Ship optimizations only when quality impact is acceptable. Measure against your eval set.

The hidden costs

Ingestion

Embedding 10M new documents: ~$1000-2000 on commercial APIs. Self-hosted: compute only but takes days.

Reindexing

Changing embedding models means re-embedding everything. Budget accordingly.

Experimentation

Running evals, A/B tests, debugging production issues, each involves LLM calls. Can be 10-20% of operational spend.

Development

Your engineers testing changes.
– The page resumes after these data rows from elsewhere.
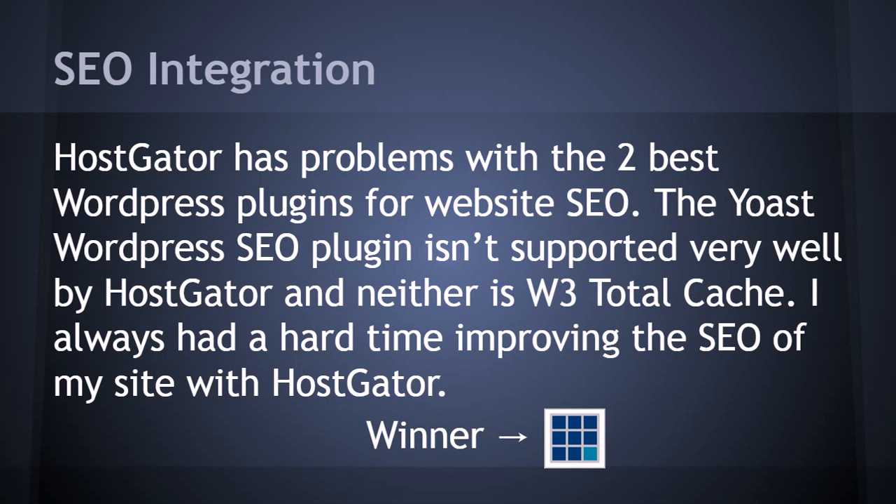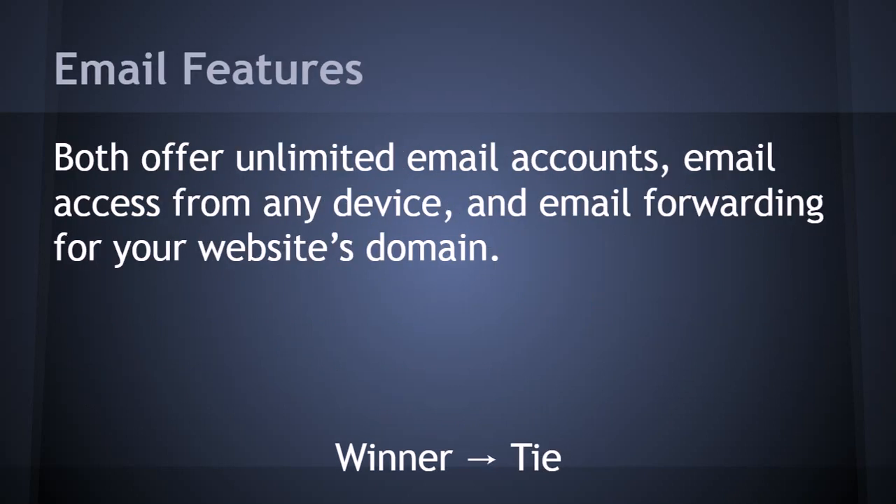Next, email features. It's good to have an email hosted through your website with your domain name — for example, johnny@yourdomain.com — as it looks more professional. Both Bluehost and Hostgator offer unlimited email accounts, email access from any device, and email forwarding for your domain. They're a dead tie on email features.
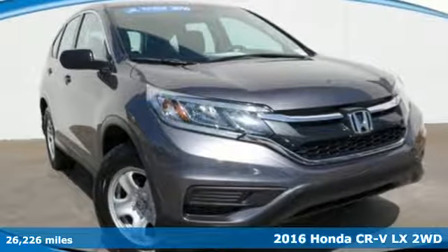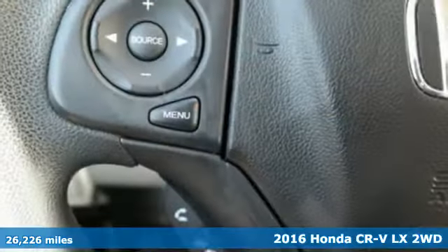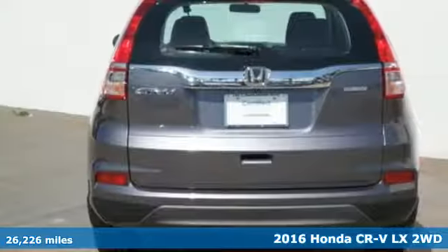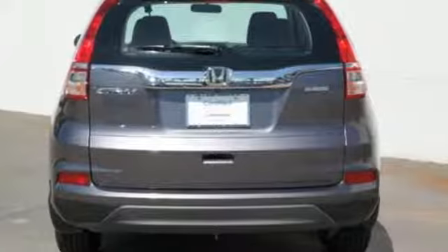It's a certified 2016 Honda CR-V. Capability without compromise isn't a dream — it's a CR-V. It comes with the features you need and, better yet, want.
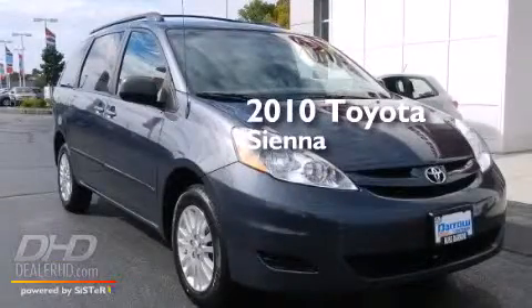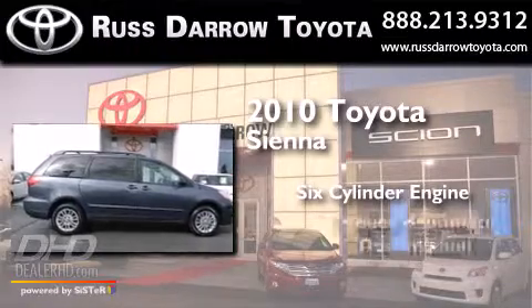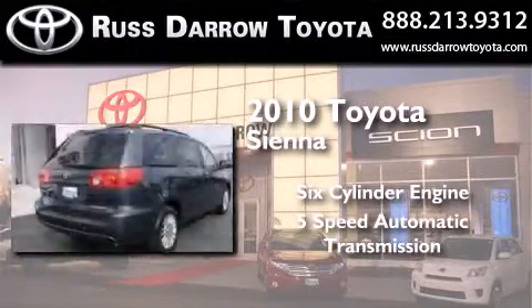This is a 2010 Toyota Sienna. It features a six-cylinder engine, a five-speed automatic transmission, and all-wheel drive.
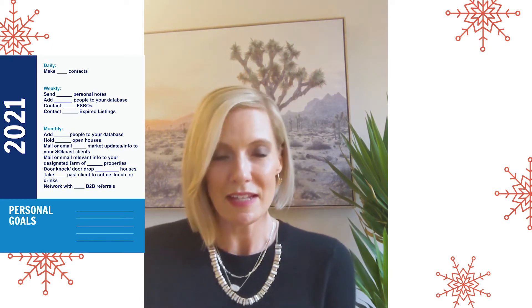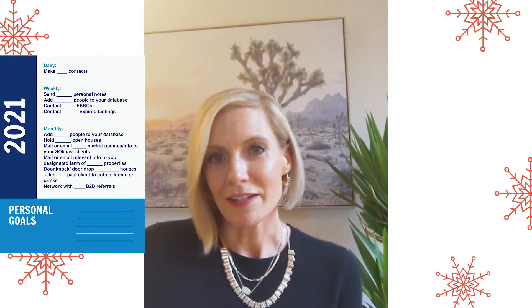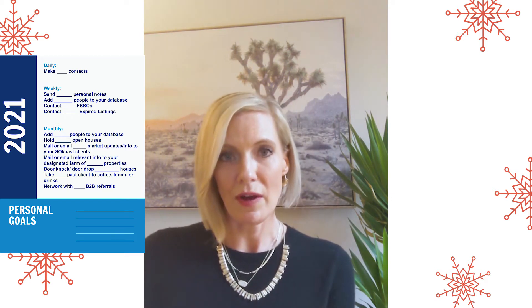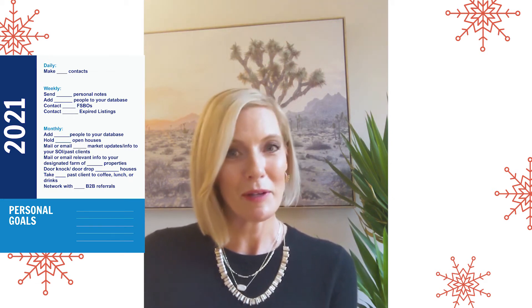Not just the goals, but the action steps to get to those goals. Think about when you have a fitness goal — you wouldn't just put the overall goal up there without having a program to follow. I want to share this graphic here, a sample daily, weekly, and monthly to-do list specifically for a real estate agent. So many of us try something new in our marketing or outreach, don't see immediate results, and give up. If you trust the process, stay consistent, you cannot help but reach your goals and go beyond what you thought you could do.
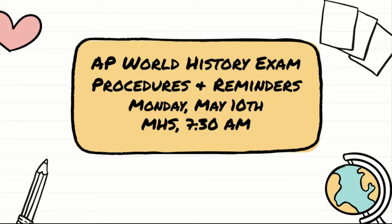Hey guys, Ms. T here to go over some reminders about the AP World History exam procedures and what's going to happen on Monday — some things that you might want to know or be reminded of. Let's get started.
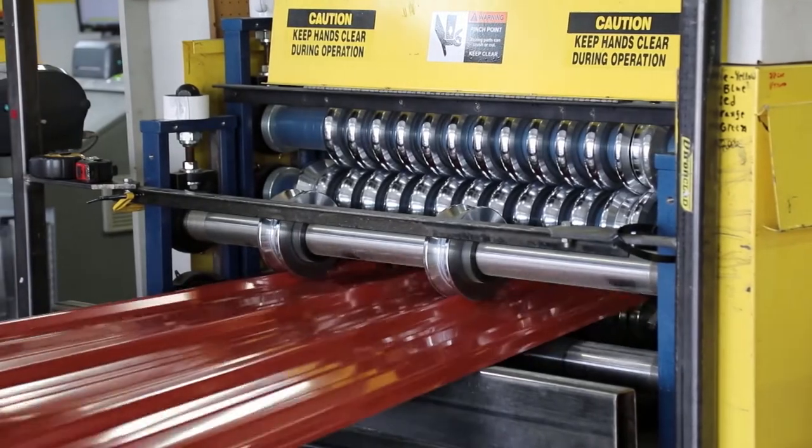This is the most common process for pre-painted metal in roofing and siding construction products. It's very flexible, it's robust, it's efficient, and highly controlled as far as quality and consistency of the final product.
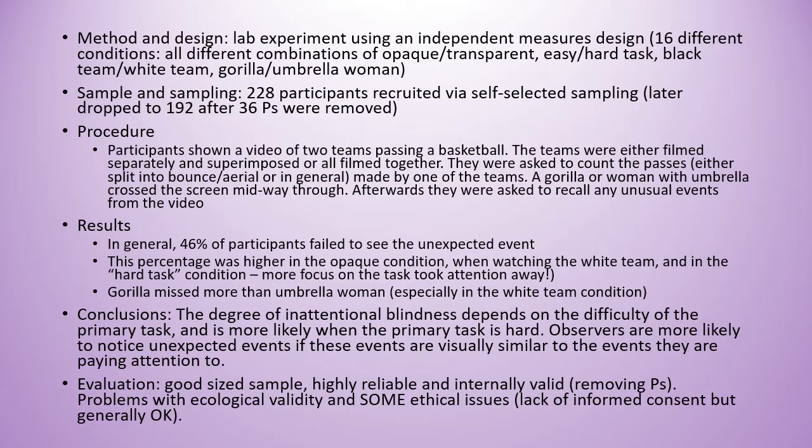That was a one minute and fifteen second summary of a very complicated study. The hardest thing about this study is all of the data and the percentages for all the different conditions. My advice is to try and pin it down to pairs of conditions — for example, compare the white team and the black team keeping everything else the same, or the hard task and the easy task keeping everything else the same, and go for those percentages. If you pair them up, it means your brain works a little bit harder learning the difference between the two, and that hard work is actually what leads us to remember things better.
Often more expensive than production if not monitored.

Cost monitoring dashboard

Essential metrics:

Daily spend by provider
Daily spend by service (embedding, generation, rerank, vector DB)
Cost per query (mean, p95)
Token volume (input, output)
Cache hit rate savings
Cost trend (day over day, week over week)

When to optimize vs when to ship

Premature cost optimization kills RAG projects:

At < $500/month total spend: don't optimize. Ship.
At $500-5000/month: monitor, plan optimizations
At $5000-50000/month: implement caching, model routing, prompt caching
Above $50000/month: serious optimization effort worth dedicated engineering

The ROI check

Before adding a feature that increases cost (agentic RAG, GraphRAG, multi-query), ask: what's the quality gain, and what's the cost delta? If quality improves 5% and cost doubles, that's probably the wrong tradeoff. If quality improves 30% and cost increases 50%, it may be worth it.

Measurement first. Cost decisions second.

What to do with this

At <$500/mo, ship. Optimization first is premature. Track trend.
Biggest lever: model routing. Most queries don't need your premium model.
Always A/B optimization changes against your eval set.